In a victory for former students of Indian residential schools, the Ontario Court of Appeal on Dec. 4 ruled unanimously that pupils who attended the Mohawk Institute near Brantford, Ont., may file suit as a group.
Former students, alleging they were subjected to a range of abuses including physical brutality, inadequate food and clothing and forced participation in Christian religious activities, sought to include all 1,400 native children who attended the school between 1922 and 1969.
The class action – the first schools lawsuit in Canada to be certified – names as plaintiffs the government of Canada, the Anglican diocese of Huron and the New England Company, a British charitable organization that operated the school. General Synod (the national office of the Anglican Church of Canada) is not named in the suit which seeks $1 billion in damages.
Archdeacon Jim Boyles, the national church’s general secretary, said in a statement that the decision does not affect the church’s settlement agreement with the federal government which capped church liability at $25 million.

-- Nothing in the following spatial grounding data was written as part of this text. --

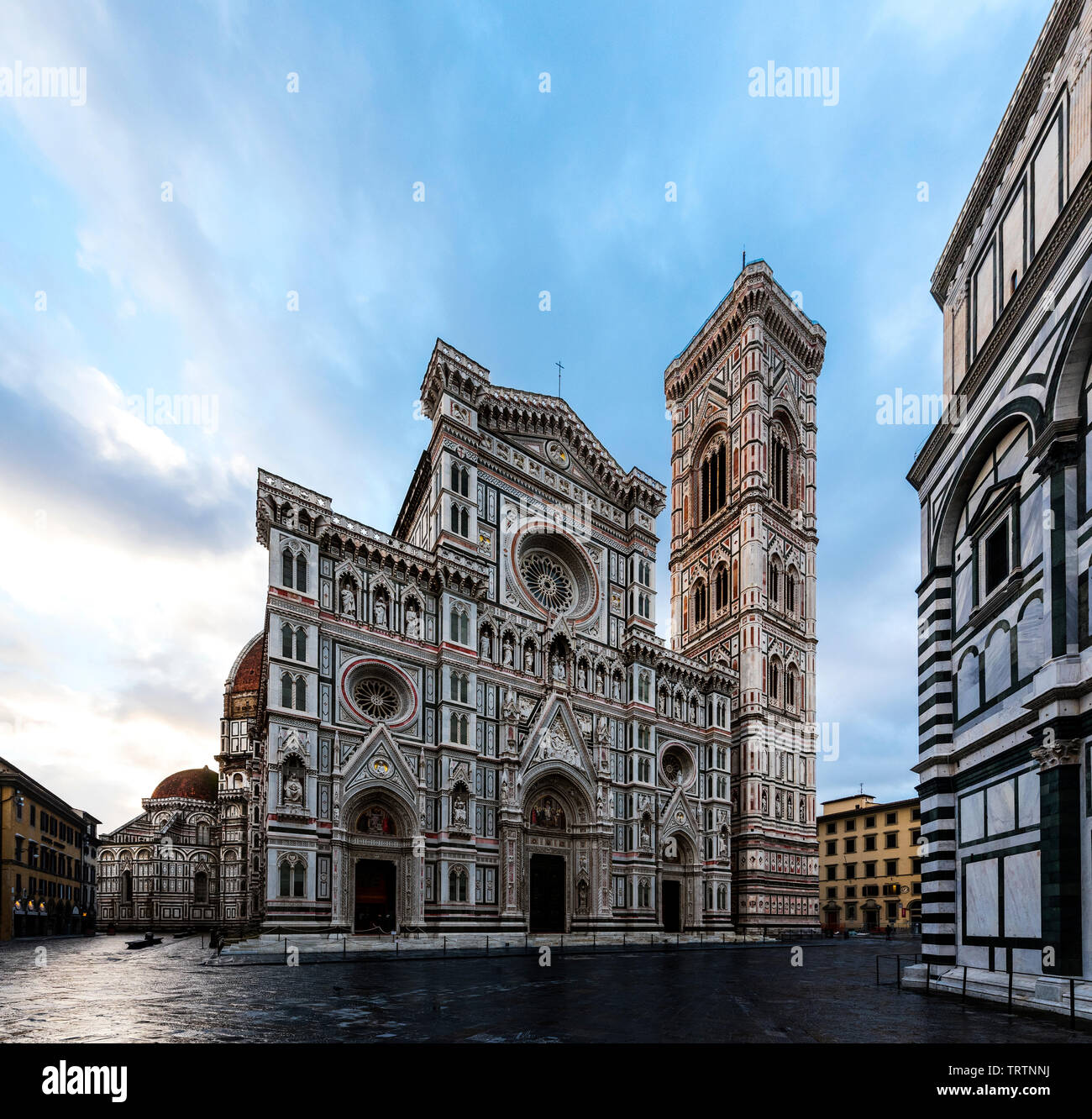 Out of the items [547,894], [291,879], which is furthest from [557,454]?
[291,879]

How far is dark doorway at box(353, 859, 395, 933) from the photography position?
35.8 meters

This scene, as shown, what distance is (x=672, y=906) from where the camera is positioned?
165 ft

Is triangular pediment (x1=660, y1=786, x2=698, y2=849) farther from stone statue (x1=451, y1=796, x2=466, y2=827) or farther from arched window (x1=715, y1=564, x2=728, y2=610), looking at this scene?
arched window (x1=715, y1=564, x2=728, y2=610)

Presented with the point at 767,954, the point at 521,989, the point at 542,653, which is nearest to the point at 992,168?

In certifying the class action, the court of appeal reversed decisions by lower courts, which had declined to approve a class action on the grounds that the students’ abuse claims varied. However, Court of Appeal Justice Stephen Goudge, writing on behalf of the three-judge panel, said the plaintiffs “seek to represent many who are aging, very poor and in some cases still very emotionally troubled by their experiences at the school … Access to justice would be greatly enhanced by a single trial of the common issues.”
The ruling also criticized the government’s alternate dispute resolution process, designed to give former students of all schools with abuse claims faster access to a hearing and a potential settlement. “(The process) does not compare favourably with a common trial,” said the judgment. “It deals only with physical and sexual abuse. It caps the amount of possible recovery.”
Archdeacon James Dugan, development officer for the London, Ont.-based diocese of Huron, said the diocese was saddened by the ruling. “We were not managers or operators of the school. We (are) disappointed that we continue to be part of the suit,” he said. Although the New England Company and, after 1922, the federal government, ran the school, the diocese of Huron nominated clergy twice to the position of principal.
The appeal court’s decision could have ramifications for a much larger class action, filed in the Ontario Superior Court of Justice on behalf of all living former students of residential schools, estimated to number about 90,000. That action, which has not been certified, seeks $12.5 billion in damages.
The Mohawk Institute opened in 1828 and ceased operating as a school in 1969.